These pieces are repositories of humor, resiliency, and memory, among other symbolisms.

By: MELISSA MAINGOT | 29-09-2025 | 2 min read
Floral Art Floral Designs
Wooden furniture

Raul De Lara, a sculptor renowned for his extremely technical approach to woodworking, has his first solo museum exhibition in Texas through January 11, 2026, at the Contemporary Austin. De Lara creates bizarre and human shapes out of commonplace objects, such as furniture, plants, and tools. These pieces are repositories of humor, resiliency, and memory, among other symbolisms.

Wood Works - Raul De Lara’s Playful Take on Everyday Objects

Due to his heritage, De Lara is rooted in both Mexican and American manufacturing customs. After receiving training in Austin and then at Virginia Commonwealth University, he experiments with scale, humor, and magical realism while paying homage to traditional carpentry. His sculptures include furniture that has been reinvented with remarkable precision, as well as saints summoned from branches. He remembers watching artisans create these saints out of branches when he was a child.

 

Raul de Lara with wooden Monsteras
Raul de Lara with wooden monstera plants

 

He shares:

"I always wonder, like, when does the branch become a saint?"

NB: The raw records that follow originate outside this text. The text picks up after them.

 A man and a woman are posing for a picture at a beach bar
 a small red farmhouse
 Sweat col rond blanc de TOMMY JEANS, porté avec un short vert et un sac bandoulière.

His work resonates in that liminal space between the sacred and the everyday, the familiar and the unfamiliar, the tool and the symbol.

 

Wooden artworks by Raul de Lara
Wooden artworks

 

Seven New Works on View at the Contemporary Austin Exhibition

For the show in Austin, his hometown after immigrating to the US at age twelve, the artist completes seven new sculptures shaped from mesquite, walnut, cedar, and oak. The pieces reference wildflowers native to both Texas and northern Mexico, such as Damianita, Indian Blanket, and Sleepy Daisy. Their dual botanical origins parallel the artist’s own exploration of cultural hybridity and contested belonging.

 

Cacti wooden chair by Raul de Lara

 

He asks:

"Why can plants be native to two places, but never people?"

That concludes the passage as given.